Amazon Fba Finder
Security checks across static analysis, malware telemetry, and agentic risk
Overview
The skill does not appear destructive, but its advertised live Amazon/supplier research features are largely unimplemented while it also asks for optional API keys.
Review this skill carefully before installing or paying for it. The code shown does not appear to steal data or modify accounts, but the advertised live product and supplier research features look unfinished. Do not rely on its recommendations for business decisions without independent verification, and avoid storing API keys in plain-text agent-readable files.
Static analysis
No static analysis findings were reported for this release.
VirusTotal
VirusTotal findings are pending for this skill version.
Risk analysis
Artifact-based informational review of SKILL.md, metadata, install specs, static scan signals, and capability signals. ClawScan does not execute the skill or run runtime probes.

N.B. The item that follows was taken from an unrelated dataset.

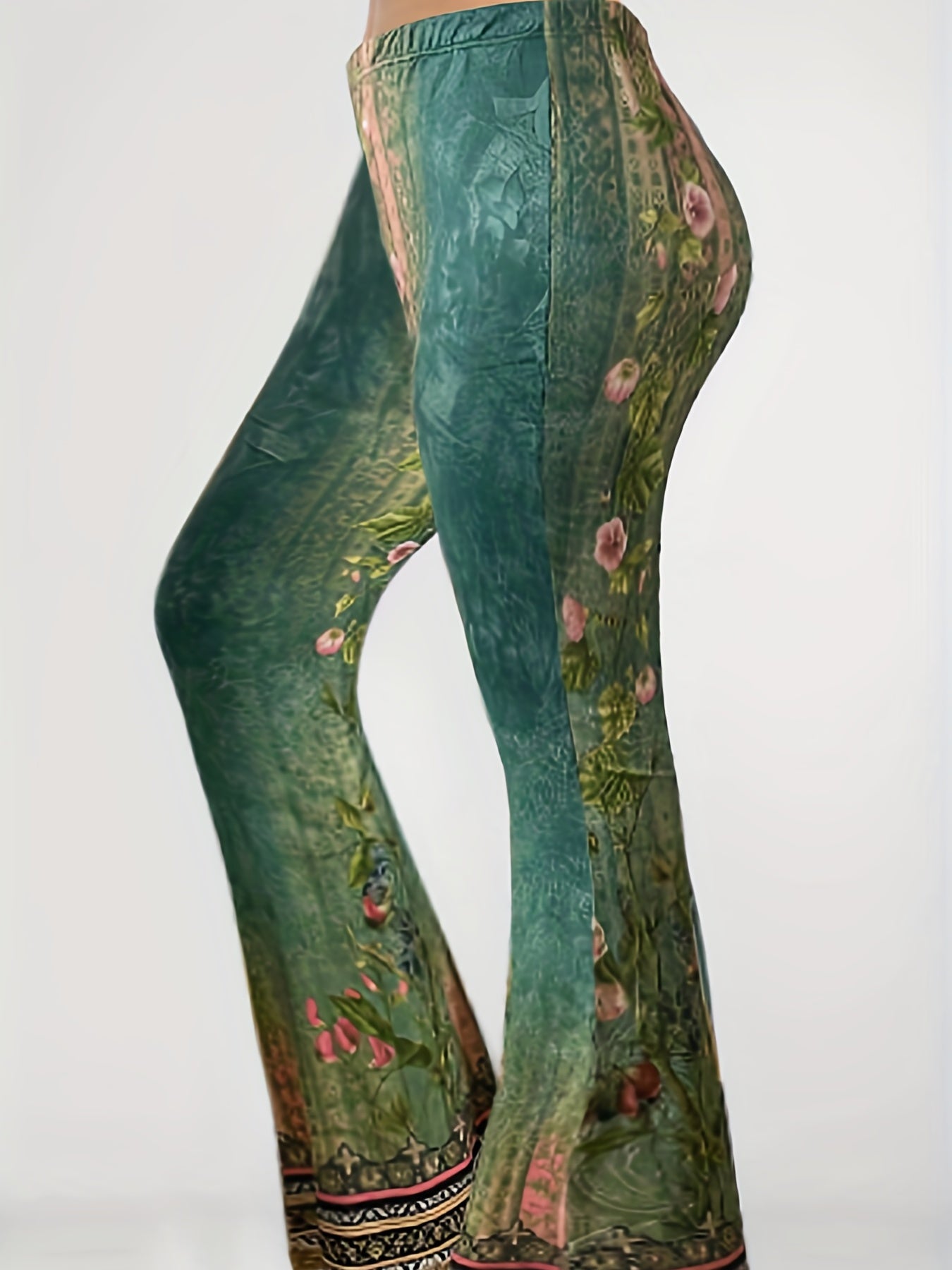 Floral Print High Rise Flared Pants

A user or agent could trust the skill's business recommendations even though the main product-search capability appears not to produce real market data.

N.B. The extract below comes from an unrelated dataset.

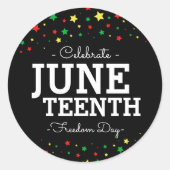 Cluster van sterrenfeestjes Juneteenth Black RYGB Ronde Sticker (Voorkant)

The core product discovery path is documented in code as simulated and returns an empty list, which conflicts with the skill's advertised high-profit product discovery and live data claims.

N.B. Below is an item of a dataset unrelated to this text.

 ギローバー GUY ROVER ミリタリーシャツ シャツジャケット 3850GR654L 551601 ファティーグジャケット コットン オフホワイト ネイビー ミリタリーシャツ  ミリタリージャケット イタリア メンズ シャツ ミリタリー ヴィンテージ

# 模拟产品搜索(实际实现需要对接 Amazon API) ... return opportunities
Treat this as a prototype unless the publisher clearly discloses limitations and provides working, verifiable data integrations.
The skill may overstate its ability to identify suppliers, which could mislead business decisions or subscription purchases.
The advertised supplier recommendation feature is also a stub that returns no suppliers, despite the README/SKILL presenting it as a working Alibaba/1688 supplier matching system.
# 实际实现需要调用 Alibaba API 或爬虫 ... return []
Verify that supplier data is actually fetched from legitimate sources before relying on this feature.
API keys are sensitive; putting them in a prompt-visible file such as TOOLS.md could expose them more broadly than intended.
The skill asks for Amazon and Alibaba API keys, but the registry metadata declares no required environment variables or primary credential.
在 `TOOLS.md` 或环境变量中配置 API 密钥: AMAZON_API_KEY=your_amazon_api_key ALIBABA_API_KEY=your_alibaba_api_key
Use environment variables or a secret manager instead of plain-text prompt files, and grant only the minimum API scopes needed.
Future dependency versions could change behavior or introduce supply-chain risk, although these packages are common and purpose-aligned.
The README tells users to install these dependencies, but the versions are lower-bounded rather than exactly pinned.
requests>=2.31.0 beautifulsoup4>=4.12.0 pandas>=2.0.0 numpy>=1.24.0 python-dotenv>=1.0.0 aiohttp>=3.9.0
Install in an isolated environment and prefer a reviewed lockfile or pinned dependency set for production use.